Talk in Biochemistry: Can Machines Understand the Scientific Literature?

Typed into Arcturus

I am giving a talk in the Biochemistry Department (at Cambridge) this morning (1015) and here is a brief outline of some of the topics I might cover. As always I don’t know what I shall say in detail until I meet the audience. In this case I am hoping that I get useful feedback and discussion.

I think that within the next 5 years technology will allow scientists to have machines that manage their immediate information environment – reading the literature, recording many of their actions, remembering their preferences, helping them write papers, theses and grants, etc. These “amanuenses” will be built from standard technology and will have natural interfaces – speech, gestures, etc. They will be built on communally agreed semantics and ontologies – technologies where bioscience is leading the world. It should, for example, be possible to ask a machine (using speech)

“What papers published last week do I need to know about? Summarise the most important points.”

“Consult our lab thesis-bank and find the most commonly used buffers – has our use changed over 5 years?”

“find me all the selective inhibitors of CYP2D6 and compute the energy of docking them into my mutant PMR123”
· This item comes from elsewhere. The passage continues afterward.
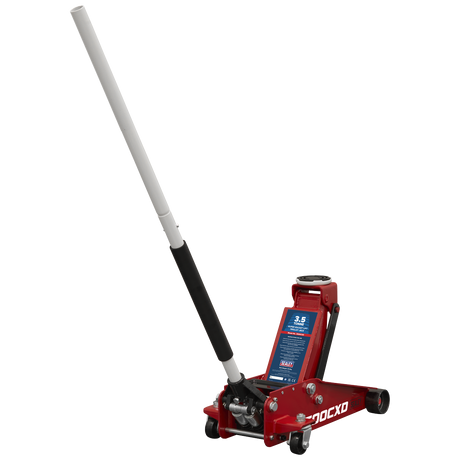 Sealey 3500CXD Trolley Jack with Super Rocket Lift 3.5 Tonne - additional view 2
This is possible in bioscience because the community has been committed for over 3 decades to publishing Open information in semantic form and building ontologies (e.g. Go, CheBI). There are agreed universal identifiers for information. As a result it is possible to build Tim Berners-Lee’s vision of a semantic web of Linked Open Data which then links to all the other Open data on the web – geonames, bibliography, institutions, etc. This distributed knowledge base is at the core of scientific machine intelligence.

But this vision is threatened by major information and media interests. We are starting to see new restrictions on our use of scientific information, e.g. through Digital Rights Management in the library system and the power of the publishers to restrict and control innovation to their advantage. As a result it is critical that the bioscience community continues to challenge for Open Science (Data, Source, Access, Standards).

The talk will give demos of scientific speech recognition, machine understanding of theses and the semantic web.